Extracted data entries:
╔══

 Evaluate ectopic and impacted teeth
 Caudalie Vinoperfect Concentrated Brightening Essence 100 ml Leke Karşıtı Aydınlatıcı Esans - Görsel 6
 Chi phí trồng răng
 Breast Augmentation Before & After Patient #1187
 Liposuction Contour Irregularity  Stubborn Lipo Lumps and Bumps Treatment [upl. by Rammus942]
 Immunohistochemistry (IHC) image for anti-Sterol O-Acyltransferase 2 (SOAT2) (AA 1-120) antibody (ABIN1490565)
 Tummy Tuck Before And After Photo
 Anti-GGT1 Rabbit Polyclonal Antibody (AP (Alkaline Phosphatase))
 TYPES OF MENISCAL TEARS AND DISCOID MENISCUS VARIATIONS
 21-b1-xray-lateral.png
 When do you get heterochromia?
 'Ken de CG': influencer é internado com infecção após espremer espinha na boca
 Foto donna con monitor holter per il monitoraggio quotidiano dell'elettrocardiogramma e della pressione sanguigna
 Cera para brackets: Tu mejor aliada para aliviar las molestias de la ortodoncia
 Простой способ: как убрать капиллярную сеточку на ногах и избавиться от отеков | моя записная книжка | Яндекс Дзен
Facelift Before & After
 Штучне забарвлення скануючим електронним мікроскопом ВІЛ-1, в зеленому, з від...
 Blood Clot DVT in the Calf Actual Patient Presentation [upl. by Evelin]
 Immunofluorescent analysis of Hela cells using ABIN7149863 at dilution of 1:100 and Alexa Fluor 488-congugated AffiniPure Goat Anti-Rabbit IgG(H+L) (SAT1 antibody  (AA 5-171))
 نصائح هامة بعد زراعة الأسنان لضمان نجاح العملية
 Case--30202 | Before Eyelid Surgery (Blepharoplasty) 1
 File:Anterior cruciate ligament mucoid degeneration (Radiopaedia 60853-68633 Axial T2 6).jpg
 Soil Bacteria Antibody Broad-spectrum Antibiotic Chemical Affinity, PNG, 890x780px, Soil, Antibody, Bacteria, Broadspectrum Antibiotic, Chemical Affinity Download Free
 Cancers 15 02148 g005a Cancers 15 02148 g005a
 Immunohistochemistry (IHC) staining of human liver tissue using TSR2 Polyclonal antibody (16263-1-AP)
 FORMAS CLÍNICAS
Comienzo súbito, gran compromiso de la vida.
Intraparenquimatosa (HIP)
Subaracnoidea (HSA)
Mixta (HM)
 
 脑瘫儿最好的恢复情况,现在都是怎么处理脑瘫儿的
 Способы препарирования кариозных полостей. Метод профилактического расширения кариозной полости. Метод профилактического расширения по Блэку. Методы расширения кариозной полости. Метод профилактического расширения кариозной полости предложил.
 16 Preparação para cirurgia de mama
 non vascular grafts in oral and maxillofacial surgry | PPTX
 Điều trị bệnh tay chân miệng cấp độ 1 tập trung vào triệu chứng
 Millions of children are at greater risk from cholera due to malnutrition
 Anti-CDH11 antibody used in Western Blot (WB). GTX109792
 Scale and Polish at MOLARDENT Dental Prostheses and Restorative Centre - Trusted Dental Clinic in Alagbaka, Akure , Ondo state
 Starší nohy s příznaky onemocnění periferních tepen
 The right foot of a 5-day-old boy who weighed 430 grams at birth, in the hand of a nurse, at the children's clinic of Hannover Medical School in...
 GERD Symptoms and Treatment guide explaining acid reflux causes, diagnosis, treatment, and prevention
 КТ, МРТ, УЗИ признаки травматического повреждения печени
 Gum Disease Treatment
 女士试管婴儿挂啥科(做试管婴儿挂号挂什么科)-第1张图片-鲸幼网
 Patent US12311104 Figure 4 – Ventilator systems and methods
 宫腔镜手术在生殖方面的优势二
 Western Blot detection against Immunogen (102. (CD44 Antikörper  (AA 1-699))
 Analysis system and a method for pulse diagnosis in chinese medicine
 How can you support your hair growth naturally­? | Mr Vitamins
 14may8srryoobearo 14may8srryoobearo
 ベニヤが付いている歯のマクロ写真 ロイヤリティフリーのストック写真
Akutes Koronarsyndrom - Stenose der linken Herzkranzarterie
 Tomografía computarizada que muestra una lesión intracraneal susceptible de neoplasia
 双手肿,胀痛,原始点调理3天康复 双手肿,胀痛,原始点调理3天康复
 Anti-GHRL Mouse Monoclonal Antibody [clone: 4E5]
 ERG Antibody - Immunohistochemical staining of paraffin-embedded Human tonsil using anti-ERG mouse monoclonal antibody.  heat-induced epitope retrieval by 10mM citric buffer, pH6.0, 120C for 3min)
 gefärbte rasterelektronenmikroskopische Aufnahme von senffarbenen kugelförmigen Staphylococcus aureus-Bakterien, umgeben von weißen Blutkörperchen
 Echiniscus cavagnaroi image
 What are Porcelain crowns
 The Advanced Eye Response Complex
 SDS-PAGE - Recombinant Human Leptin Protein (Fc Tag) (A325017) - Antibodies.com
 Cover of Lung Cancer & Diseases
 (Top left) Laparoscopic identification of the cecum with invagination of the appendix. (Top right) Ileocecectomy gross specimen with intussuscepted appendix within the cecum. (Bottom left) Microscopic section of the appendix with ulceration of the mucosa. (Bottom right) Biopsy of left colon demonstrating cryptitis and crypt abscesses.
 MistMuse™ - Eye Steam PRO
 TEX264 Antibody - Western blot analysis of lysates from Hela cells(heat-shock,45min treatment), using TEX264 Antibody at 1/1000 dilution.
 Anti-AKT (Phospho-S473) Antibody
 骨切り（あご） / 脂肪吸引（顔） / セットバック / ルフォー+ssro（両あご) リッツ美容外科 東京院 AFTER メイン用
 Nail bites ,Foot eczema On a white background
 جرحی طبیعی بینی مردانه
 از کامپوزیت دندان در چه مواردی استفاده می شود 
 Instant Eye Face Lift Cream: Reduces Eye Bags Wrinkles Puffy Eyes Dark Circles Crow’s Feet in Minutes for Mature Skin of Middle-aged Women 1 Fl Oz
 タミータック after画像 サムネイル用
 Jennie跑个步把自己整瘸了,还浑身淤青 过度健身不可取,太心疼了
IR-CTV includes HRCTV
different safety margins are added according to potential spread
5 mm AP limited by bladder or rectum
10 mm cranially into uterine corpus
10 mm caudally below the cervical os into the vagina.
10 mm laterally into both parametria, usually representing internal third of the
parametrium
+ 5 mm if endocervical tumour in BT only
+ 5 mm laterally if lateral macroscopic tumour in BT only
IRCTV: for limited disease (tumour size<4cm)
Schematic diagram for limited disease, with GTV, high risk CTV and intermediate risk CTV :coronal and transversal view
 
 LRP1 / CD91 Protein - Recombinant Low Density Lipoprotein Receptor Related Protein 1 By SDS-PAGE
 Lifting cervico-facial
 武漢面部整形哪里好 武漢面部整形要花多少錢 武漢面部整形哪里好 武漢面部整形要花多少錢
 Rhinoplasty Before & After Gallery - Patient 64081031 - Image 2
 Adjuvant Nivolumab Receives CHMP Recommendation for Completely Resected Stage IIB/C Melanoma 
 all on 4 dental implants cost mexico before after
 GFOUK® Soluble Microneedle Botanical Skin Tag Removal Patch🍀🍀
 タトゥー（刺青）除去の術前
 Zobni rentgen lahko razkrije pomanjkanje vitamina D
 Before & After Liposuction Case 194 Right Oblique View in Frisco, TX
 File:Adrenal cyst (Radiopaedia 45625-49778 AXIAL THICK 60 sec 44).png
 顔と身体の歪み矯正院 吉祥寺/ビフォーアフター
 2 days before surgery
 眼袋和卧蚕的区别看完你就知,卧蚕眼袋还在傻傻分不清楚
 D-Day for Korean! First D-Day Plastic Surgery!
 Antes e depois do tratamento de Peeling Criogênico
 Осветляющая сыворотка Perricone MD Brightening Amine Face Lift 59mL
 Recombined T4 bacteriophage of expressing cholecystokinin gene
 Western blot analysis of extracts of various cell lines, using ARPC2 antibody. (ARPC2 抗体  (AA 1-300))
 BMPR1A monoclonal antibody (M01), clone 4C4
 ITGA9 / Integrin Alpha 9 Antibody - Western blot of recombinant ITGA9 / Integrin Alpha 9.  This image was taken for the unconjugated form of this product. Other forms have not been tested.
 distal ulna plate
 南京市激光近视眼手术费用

╚══

▸ **Task**
Please make your reply exactly the lines from the one containing "Antes e depois" through the end of the entries above, and nothing more.

▸ **Written response**
 Antes e depois do tratamento de Peeling Criogênico
 Осветляющая сыворотка Perricone MD Brightening Amine Face Lift 59mL
 Recombined T4 bacteriophage of expressing cholecystokinin gene
 Western blot analysis of extracts of various cell lines, using ARPC2 antibody. (ARPC2 抗体  (AA 1-300))
 BMPR1A monoclonal antibody (M01), clone 4C4
 ITGA9 / Integrin Alpha 9 Antibody - Western blot of recombinant ITGA9 / Integrin Alpha 9.  This image was taken for the unconjugated form of this product. Other forms have not been tested.
 distal ulna plate
 南京市激光近视眼手术费用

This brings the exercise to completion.